EXERCISE DIRECTIONS: The whole listing, please: repeat it exactly, with the pictures left out.

RECORDS SUPPLIED:
★ ★ ★ ★ ★

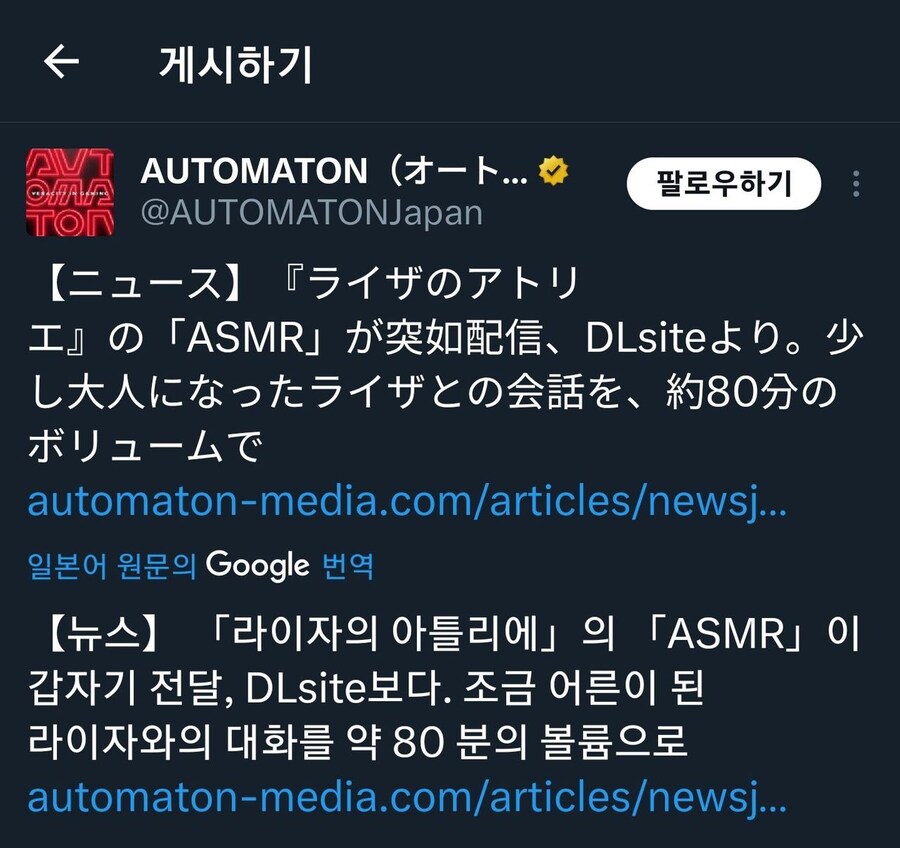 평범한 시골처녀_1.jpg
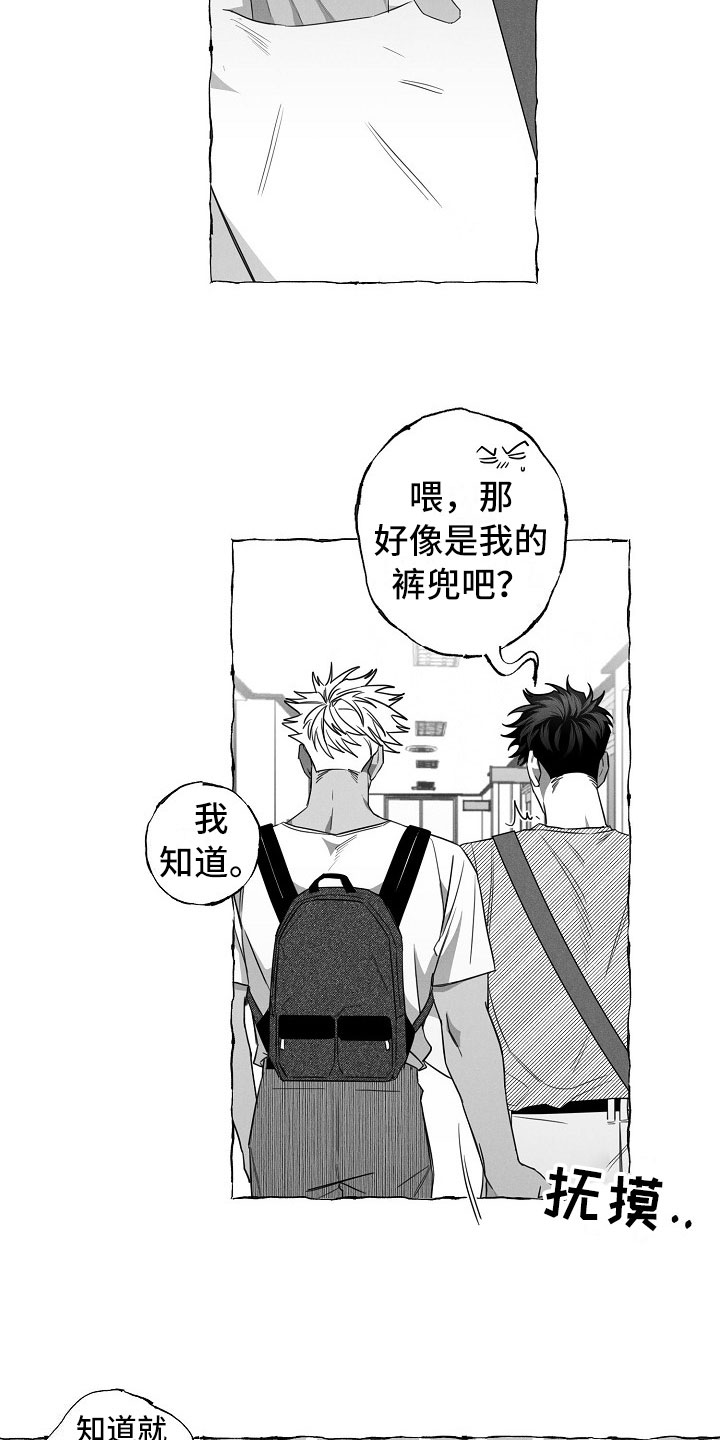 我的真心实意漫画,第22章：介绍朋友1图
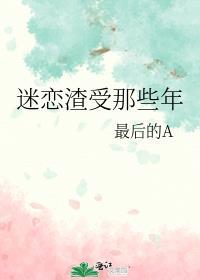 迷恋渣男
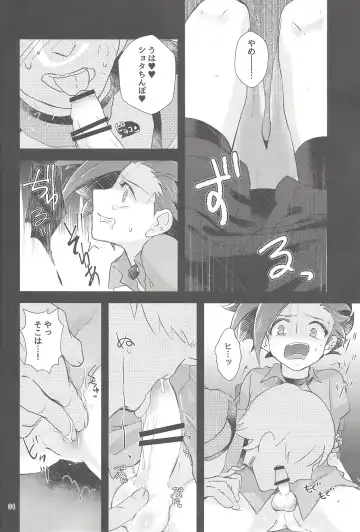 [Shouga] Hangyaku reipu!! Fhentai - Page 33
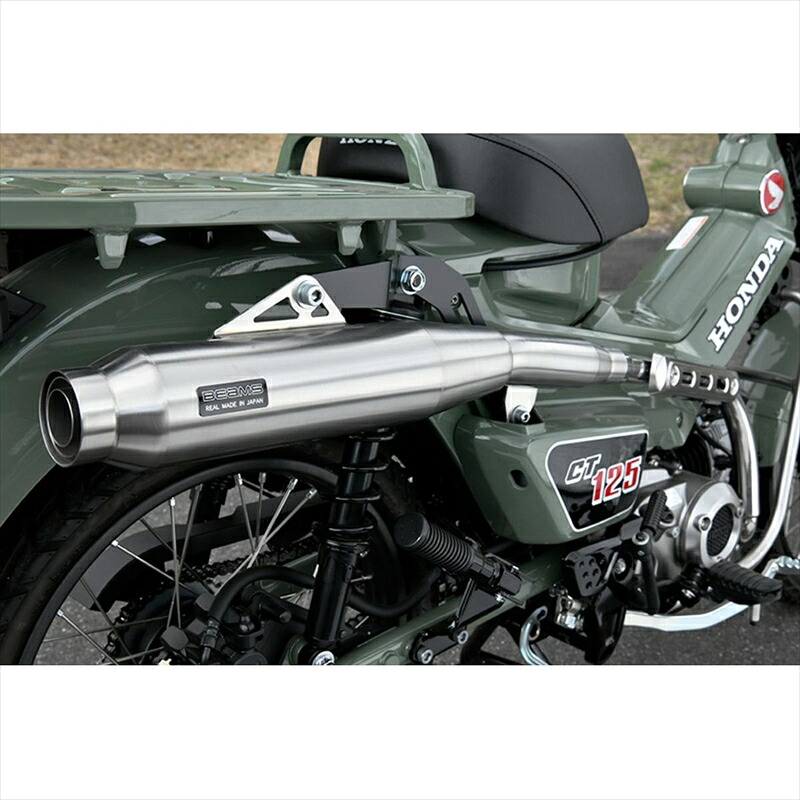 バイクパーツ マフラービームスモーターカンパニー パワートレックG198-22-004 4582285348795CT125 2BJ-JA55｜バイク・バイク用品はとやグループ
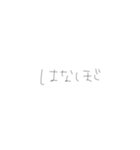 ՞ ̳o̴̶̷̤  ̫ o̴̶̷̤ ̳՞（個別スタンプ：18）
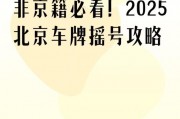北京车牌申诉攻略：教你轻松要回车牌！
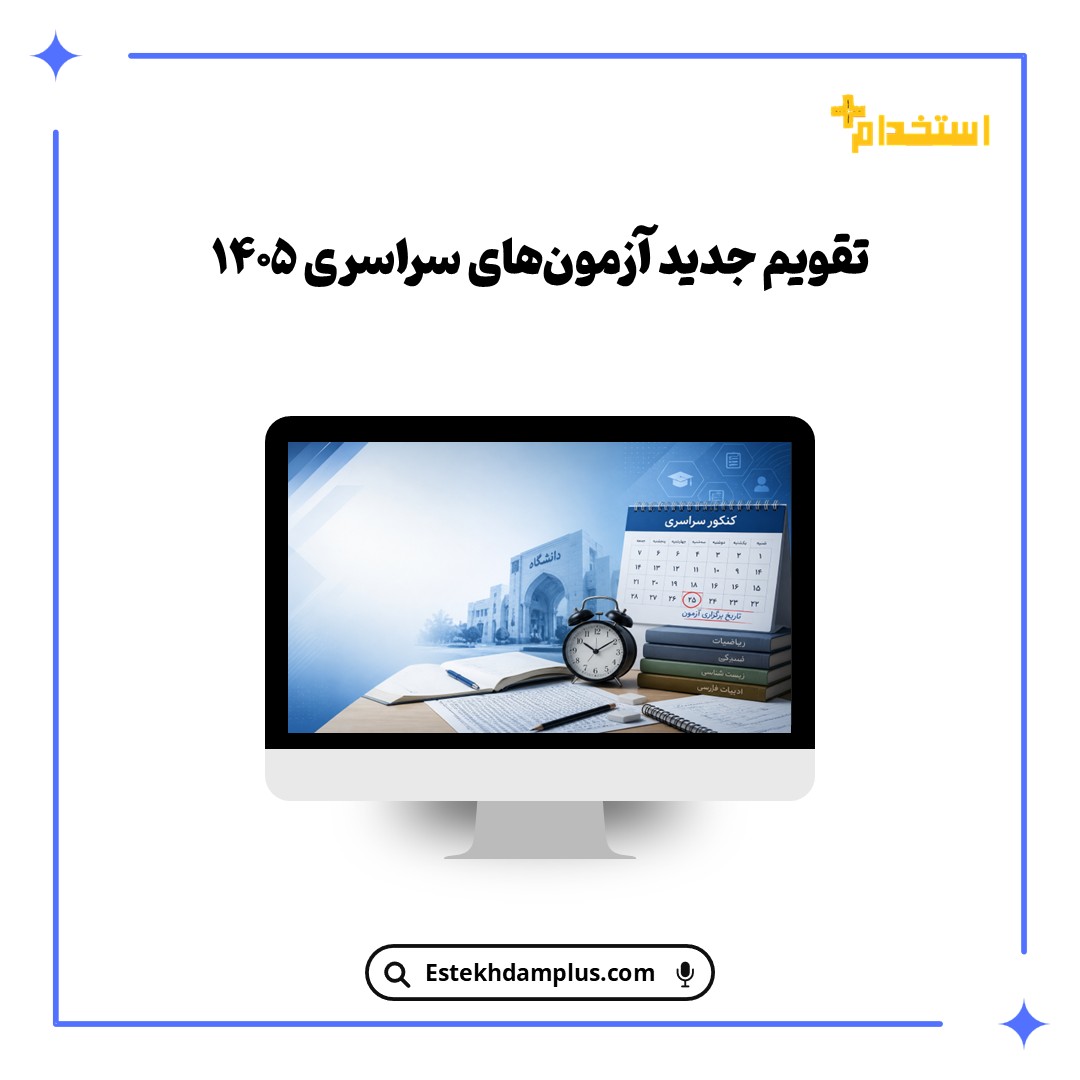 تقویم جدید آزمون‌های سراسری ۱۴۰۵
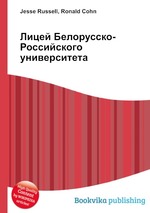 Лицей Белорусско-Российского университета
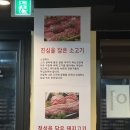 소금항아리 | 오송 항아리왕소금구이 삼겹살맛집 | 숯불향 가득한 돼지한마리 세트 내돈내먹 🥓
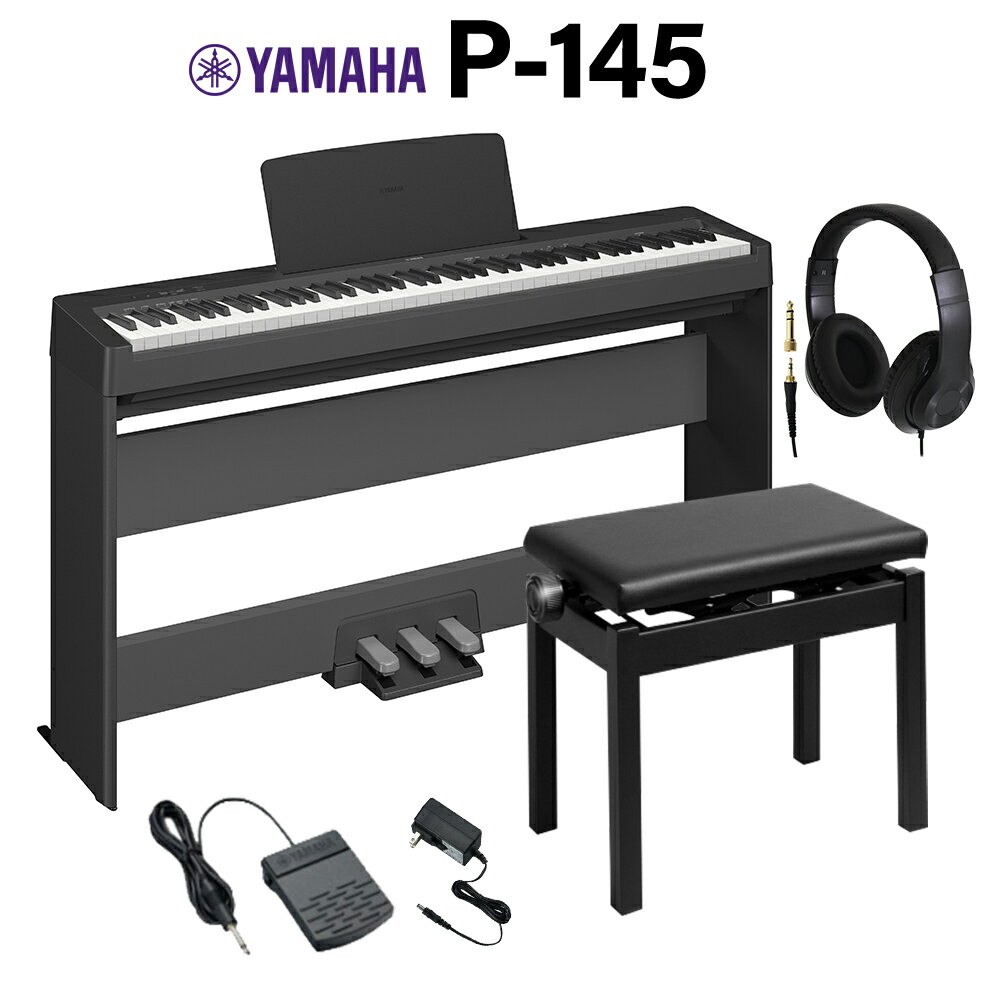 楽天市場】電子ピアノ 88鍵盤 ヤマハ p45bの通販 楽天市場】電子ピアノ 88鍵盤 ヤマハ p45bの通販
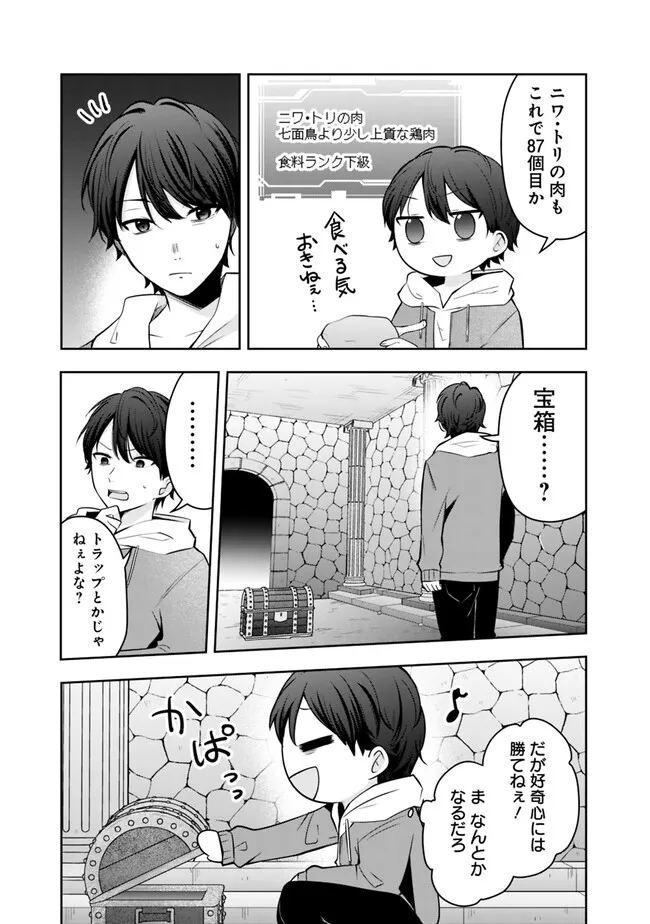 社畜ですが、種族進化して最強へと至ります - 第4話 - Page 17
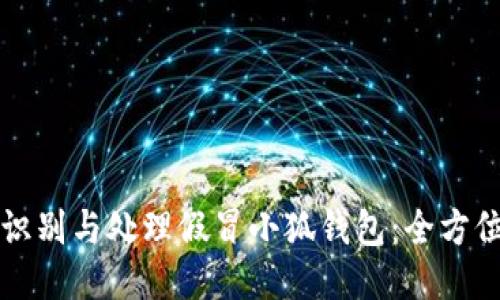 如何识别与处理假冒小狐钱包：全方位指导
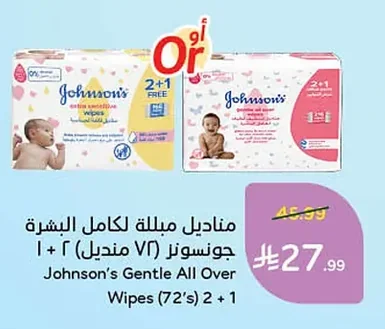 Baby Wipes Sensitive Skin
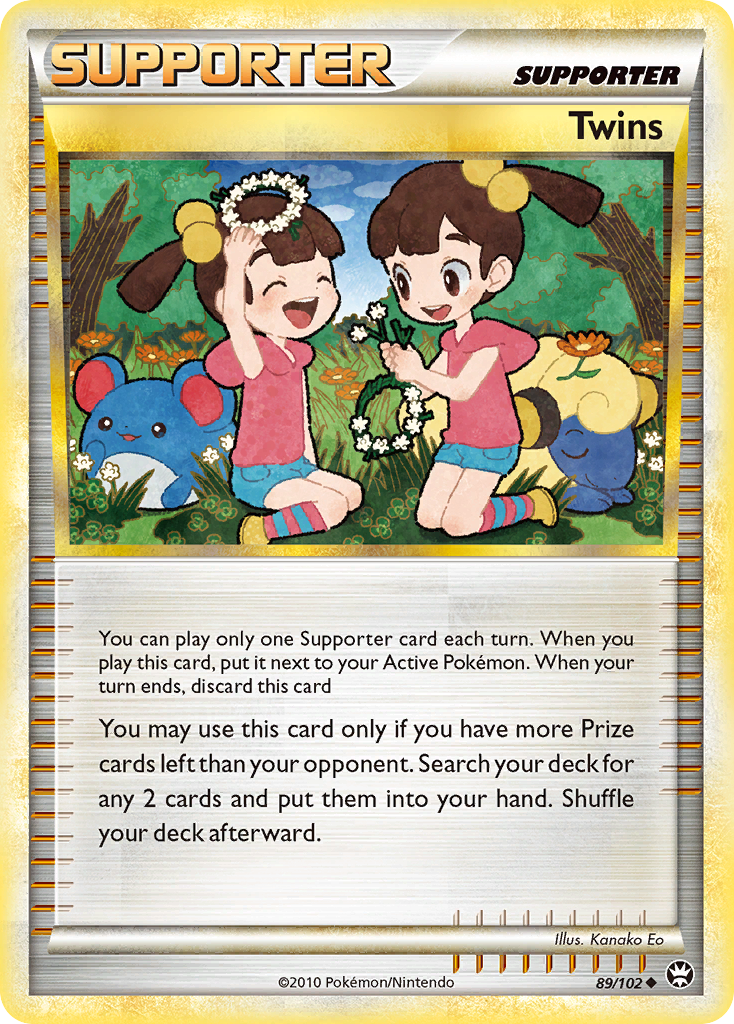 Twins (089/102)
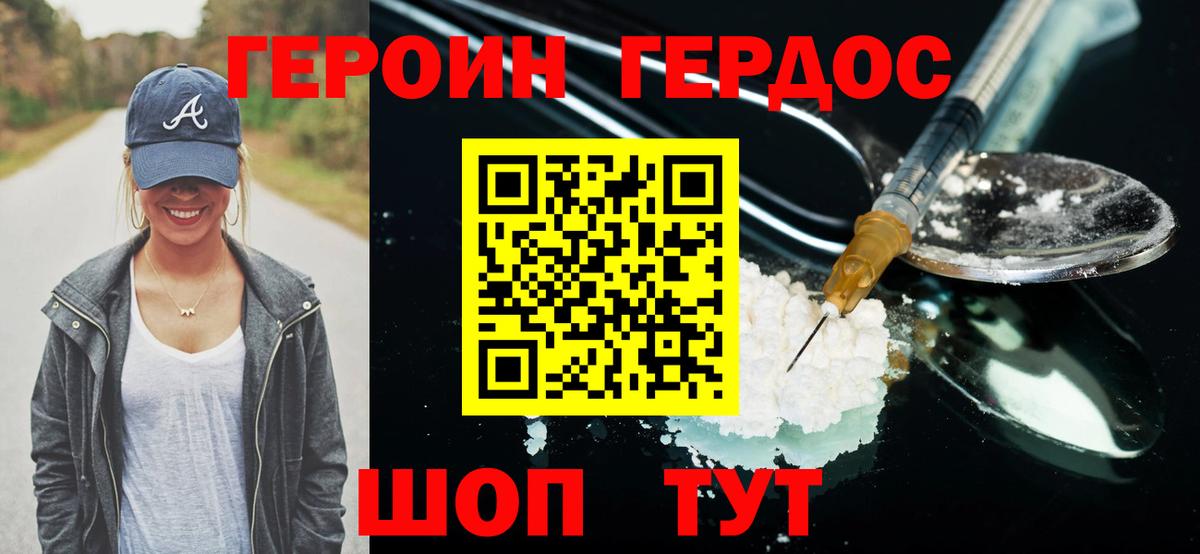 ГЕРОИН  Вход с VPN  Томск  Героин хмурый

★ ★ ★ ★ ★

RESPONSE BELOW:
 평범한 시골처녀_1.jpg
 我的真心实意漫画,第22章：介绍朋友1图
 迷恋渣男
 [Shouga] Hangyaku reipu!! Fhentai - Page 33
 バイクパーツ マフラービームスモーターカンパニー パワートレックG198-22-004 4582285348795CT125 2BJ-JA55｜バイク・バイク用品はとやグループ
 ՞ ̳o̴̶̷̤  ̫ o̴̶̷̤ ̳՞（個別スタンプ：18）
北京车牌申诉攻略：教你轻松要回车牌！
 تقویم جدید آزمون‌های سراسری ۱۴۰۵
 Лицей Белорусско-Российского университета
 소금항아리 | 오송 항아리왕소금구이 삼겹살맛집 | 숯불향 가득한 돼지한마리 세트 내돈내먹 🥓
 楽天市場】電子ピアノ 88鍵盤 ヤマハ p45bの通販 楽天市場】電子ピアノ 88鍵盤 ヤマハ p45bの通販
 社畜ですが、種族進化して最強へと至ります - 第4話 - Page 17
 如何识别与处理假冒小狐钱包：全方位指导
 Baby Wipes Sensitive Skin
 Twins (089/102)
 ГЕРОИН  Вход с VPN  Томск  Героин хмурый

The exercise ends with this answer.